▸ EXERCISE GOAL
In the listing below, locate the line containing "engaged couple about" and the line containing "A stack of cooked". Output both of them and every line between, exactly as written, and nothing more.

▸ RECORDS TO PROCESS
--- START ---
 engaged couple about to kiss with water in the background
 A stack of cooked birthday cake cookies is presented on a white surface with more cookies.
--- END ---
--- START ---
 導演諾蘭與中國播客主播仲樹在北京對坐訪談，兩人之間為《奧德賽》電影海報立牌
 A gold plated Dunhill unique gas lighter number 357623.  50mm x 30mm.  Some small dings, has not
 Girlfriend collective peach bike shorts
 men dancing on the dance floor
--- END ---
▸ TASK RESULT
 engaged couple about to kiss with water in the background
 A stack of cooked birthday cake cookies is presented on a white surface with more cookies.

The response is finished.